A China, mais do que qualquer outra nação, se beneficiou da paz no Pacífico Asiático assegurada pela hegemonia da Marinha americana. Sem isso, seu crescimento econômico recente talvez não tivesse sido tão espetacular. No entanto, os chineses parecem decididos a desafiar essa ordem. É compreensível que a China queria aumentar os riscos em que a Marinha americana incorre ao operar perto de sua costa. E, para um país que almeja um “novo tipo de relação entre grandes potências”, é humilhante depender dos Estados Unidos para policiar os mares, ainda que a ideia de que os Estados Unidos e seus aliados ameacem bloquear as rotas de comunicação marítimas que servem de artérias comerciais para a China e para o mundo, seja um despropósito em qualquer cenário que exclua um conflito armado. Mas, em caso de uma guerra provocada, por exemplo, pela invasão de Taiwan pela China, é do interesse dos chineses estar em condições de impedir que os americanos venham em socorro de Taipé, ou de, pelo menos, retardar sua chegada. A contrapartida disso é que, ao criar uma Marinha que intimida os vizinhos, a China os está empurrando cada vez mais para os braços dos americanos.

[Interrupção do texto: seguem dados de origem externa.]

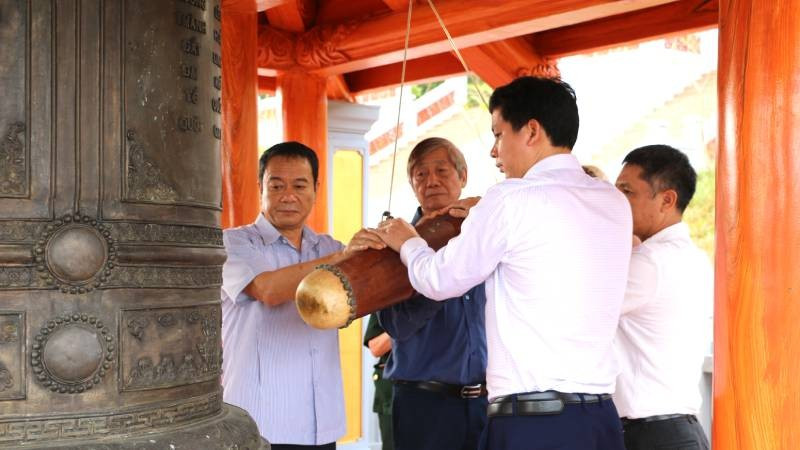 Các đại biểu thực hiện nghi thức thỉnh chuông tại Đền tưởng niệm liệt sĩ Trường Sơn trọng điểm Cà Roòng-ATP đường 20 Quyết thắng. cac-dai-bieu-thuc-hien-nghi-thuc-thinh-chuong-tai-den-tuong-niem-liet-si-truong-son-trong-diem-ca-roong-atp-duong-20-quyet-thang.jpg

Além do mais, a condição de segunda maior potência naval pode dar margem a desastrosos erros de cálculo. No início do século 20, a Alemanha quis desafiar a supremacia naval britânica, provocando uma competição financeiramente nefasta na construção de navios de guerra. E, mesmo assim, os alemães foram incapazes de romper o bloqueio naval britânico durante a 1.ª Guerra.
Quanto ao Japão, seis meses depois do ataque surpresa a Pearl Harbour, na 2.ª Guerra, o país perdeu a decisiva batalha de Midway e grande parte de uma frota construída com suma arrogância.
Não há nada de errado com o fato de a China considerar ser essencial para seu prestígio e autoimagem ter uma Marinha poderosa, em particular se o país chegar à conclusão de que deve usá-la para reforçar as normas internacionais, não para subvertê-las. O receio é que os próprios chineses talvez não saibam o que fazer com seu poderio naval e acabem por não resistir à tentação de usá-lo com outros fins que não a exaltação de sentimentos patrióticos, as sinalizações diplomáticas e as intimidações discretas.
Como disse Mahan: “A história do poder naval é, em grande medida, ainda que não exclusivamente, uma história marcada por disputas entre nações, por rivalidades mútuas, por violência muitas vezes culminando em guerra”. Não precisa ser assim, mas é aconselhável que os EUA se preparem para o pior.